# [Aim of the exercise]
Write out nothing but the lines from the one containing "Before image for selected patient" through the last line below, both included, and without the pictures.

[Caption-style text data]

┌──

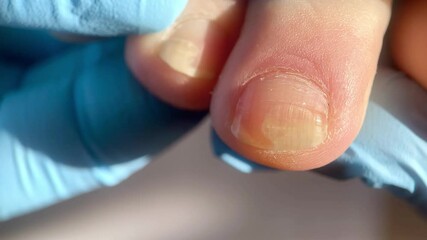 nail fungus, toenail with fungal infection or damage, doctor in blue medical glove examines diseased toenails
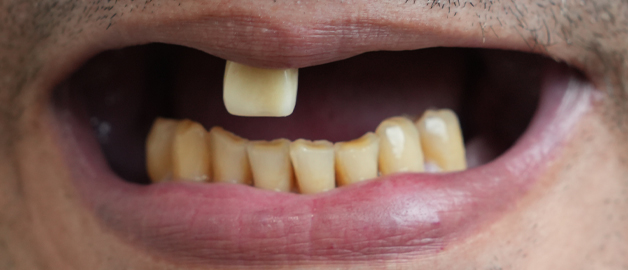 Before image for selected patient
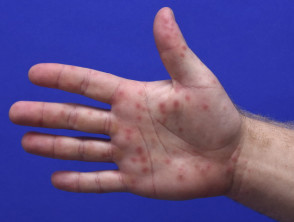 Cild with hand rash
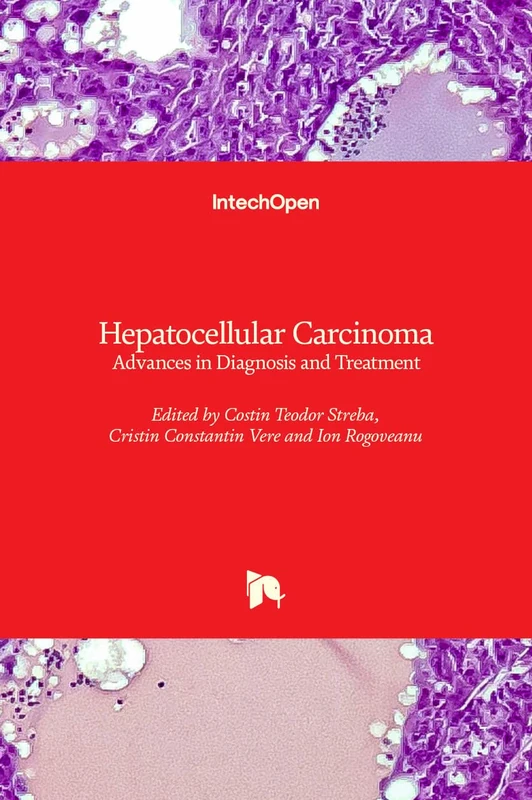 Hepatocellular Carcinoma - Advances in Diagnosis and Treatment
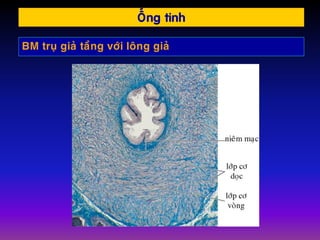 OÁng tinh
BM truï giaû taàng vôùi loâng giaû
 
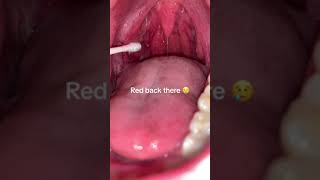 7 minutes Week 16 tonsilstar fyp foryou foryourpage tonsil tonsil tonsillar [upl. by Eesdnil387]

└──

# [Response to this exercise]
 Before image for selected patient
 Cild with hand rash
 Hepatocellular Carcinoma - Advances in Diagnosis and Treatment
 OÁng tinh
BM truï giaû taàng vôùi loâng giaû
 
 7 minutes Week 16 tonsilstar fyp foryou foryourpage tonsil tonsil tonsillar [upl. by Eesdnil387]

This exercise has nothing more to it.